Question

Chunk That Fasta?

1

Entering edit mode

4.5 years ago

damonlbp ▴ 20

Hi all, another noob question from me.

I finally finished that FASTA Splitter from my last post, which I will update soon. My new task is to Chunk a Fasta File into well... chunks still in Python too.

FileInput = input('What is full address of the file you need to work with? ' )
FileOutPut = input('What is the address of the Directory you want saving to?')
OrganismOI = input('What organism  are you looking at? ')
ChunkSize = int(input("What is the chunk size (in kb) you want? "))

Chunk = ChunkSize*1000
Counter = 0
FileName = FileOutPut + '/' + OrganismOI + str(Counter) + '.fa''

FILE = open(FileInput, 'r')
File = FILE.read()
FileSize = len(File)
print(str(FileSize) + ' is the length of the file in bp.') 
#This also includes Fasta TitleNumber
print('Final Number of Files to be expected is ' + str(FileSize / Chunk) + '.')

for chunk in File:
    Save = open(FileName, 'w')
    Save.write(File[:Chunk])
    Save.close()

For the life of me, as soon as it comes to loops, I die inside. No matter how much I read or practise it just isn't going in. This script is supposed to go through the original FASTA file, and every chunk (ChunkSize, being user defined) spit out a file containing that chunk and called OrganismOI + counter (Supposed to count file numbers). Once again and always, help is very much appreciated. If I can then add a co-ordinate system ill be set for not.

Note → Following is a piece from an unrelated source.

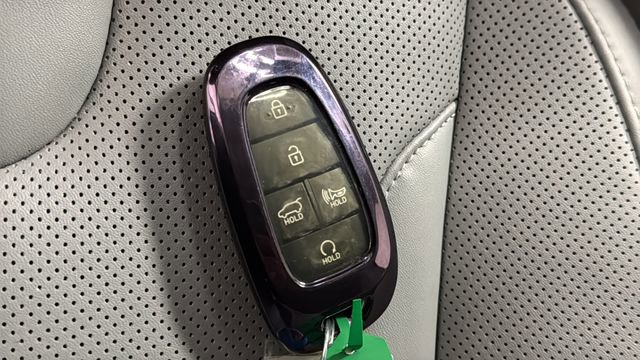 Used 2023 Hyundai Palisade SEL w/ Premium Package image 21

If anyone has any books or materials that could feasibly help me out learning this stuff then please send it my why. Would the BioStar handbook be a sensible purchase?

Again thanks everyone.

FASTA Python Chunk DNA Sequence • 1.7k views

ADD COMMENT • link updated 3.2 years ago by Biostar 20 • written 4.5 years ago by damonlbp ▴ 20

0

Entering edit mode

Can you clarify, is this meant to segregate whole sequences into numbered chunks (e.g. a file with 30 sequences, splits those sequences in to 3 files of 10 sequences), or is the intention to chop up the seqeunces themselves in to windows (e.g. a file with 30 sequences, split in to 30 files, each containing one sequence, broken into windows of length n)?

To you last point, really any number of books and websites exist to help learn, but I am personally an advocate of just learning-by-doing. For me at least, its the fastest way. Write code. Write lots. Write bad code. Pick up new and better habits from code you find online. Make the bad code a bit less bad. Rinse and repeat.

ADD REPLY • link 4.5 years ago by Joe 21k

0

Entering edit mode

Of course, I have the whole genome for Salmonella CT18 in a basic non annotated nucleotide FASTA format. Say I want to break it into chunks of 50kb to ease processing downstream. I think later on, it will be use full to break it into chunks with a number of gene sequences but not yet.

And thanks, that's what I'm trying to do but i'm clearly going wrong somewhere.

ADD REPLY • link 4.5 years ago by damonlbp ▴ 20

0

Entering edit mode

Would the BioStar handbook be a sensible purchase?

Not directly since BioStar handbook does not cover python programming. If you do purchase the book you get access to "Python programming in 100 hours", a separate series of video lectures that Prof. Istvan Alberts is including with the book. Unfortunately he has not completed that series yet since there are only 4 videos currently available.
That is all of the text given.